When he was ready he was out of nappies day and night when his similar aged friend next door was still in night nappies for ages even though she'd been potty trained since 2.

CuntinuousMingeprovement · 03/05/2018 08:10

If you're late 20's- early 30's and older... you would not have been 3 and in nappies when you were a kid!! Most of us were potty trained BEFORE we turned 2yrs or just after.

Gosh, I must be several years younger than I thought. I was trained just after my 3rd birthday, as indeed were both of mine (it's almost like there might be some genetic components at play here...). Here was me thinking I'd been born in 1985. So wonderful to wake up to the news that I'm actually in my mid 20s not 30s! Although I'm looking a bit rough for 26...

That said OP, I know the wisdom is that it's easier in summer, but I must say I've done one in summer one winter and they were both fine.

GhoulWithADragonTattoo · 03/05/2018 09:46

I honestly can't see the issue Speak to them and say you are willing to give it a try but if he not improving after two weeks you're going to delay until the summer hols. Just let him wear loose fitting jogging bottoms not particularly easier in the summer than now.

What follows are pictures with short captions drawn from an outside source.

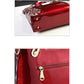 Patent Leather Shoulder Bag Female Evening Party Bag Handbag  Women Sequined Crossbody Tote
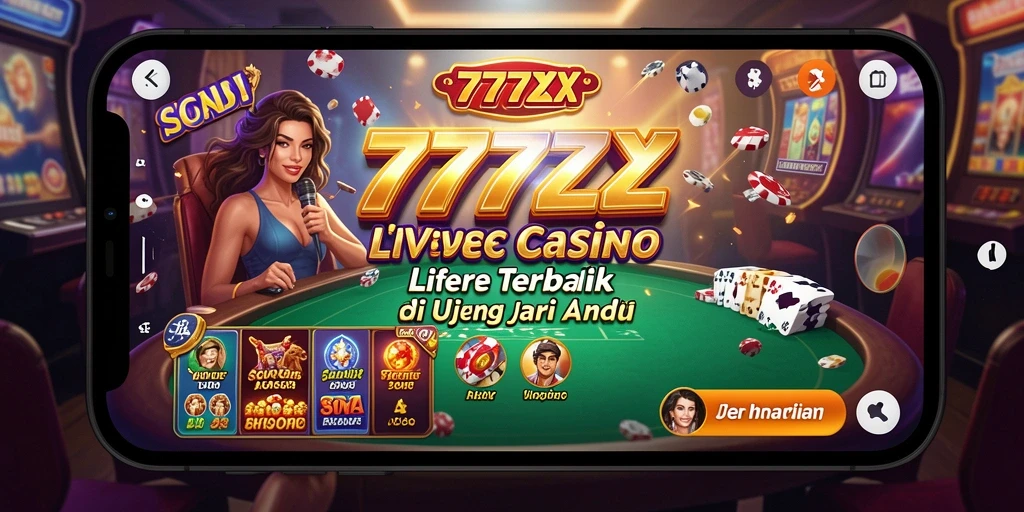 Tampilan gameplay 777ZX yang menawan dan interaktif di Live Casino.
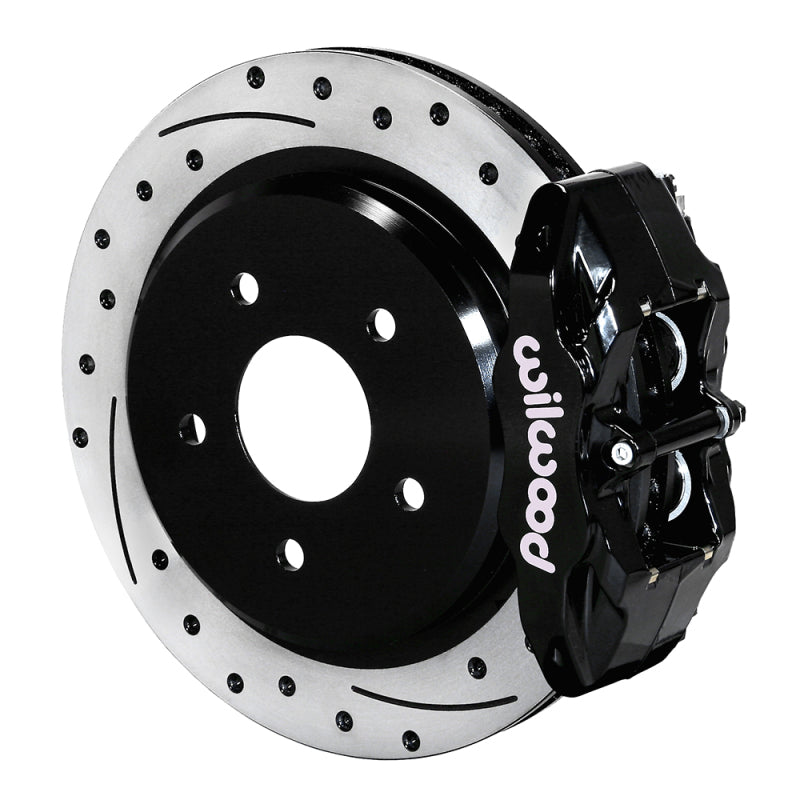WIL DPC56 Brake Kit - Wilwood 05-13 Chevy Corvette C6 Base DPC56 Rear Brake Kit - Black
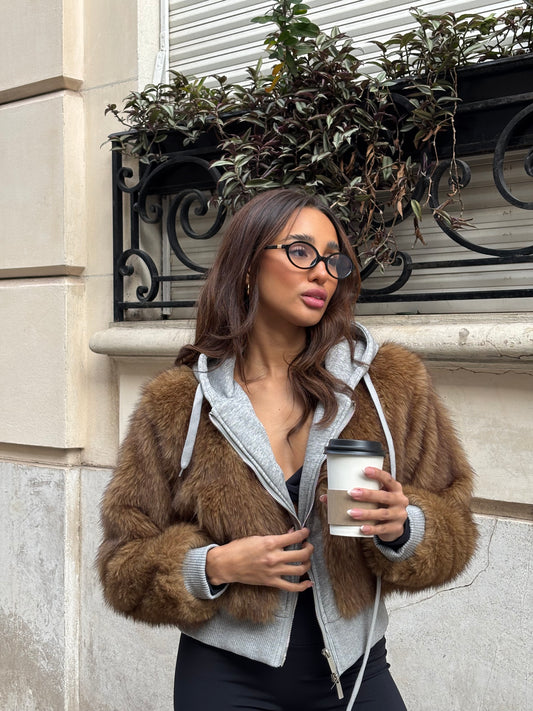 CHAQUETA/ POLERÓN PELUDO
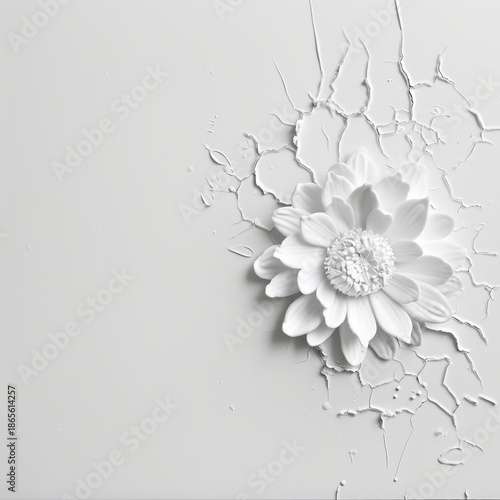 Clean Minimalist White Background - Perfect for Product Advertisement and Design Projects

Tillybilly1 · 03/05/2018 09:58

They probably don't give it much thought, may be just next in line as can't train them all at same time so may stagger it accross room/do it according to age. Do they provide nappies as part of care, sometimes they want to train to avoid cost of them? I was happy to get dc out of nappies and would have welcomed help as needed to do before preschool. Could try and see how they get one, they might realise quickly that he's not ready and then easy to say you will wait until hols when you have time to help.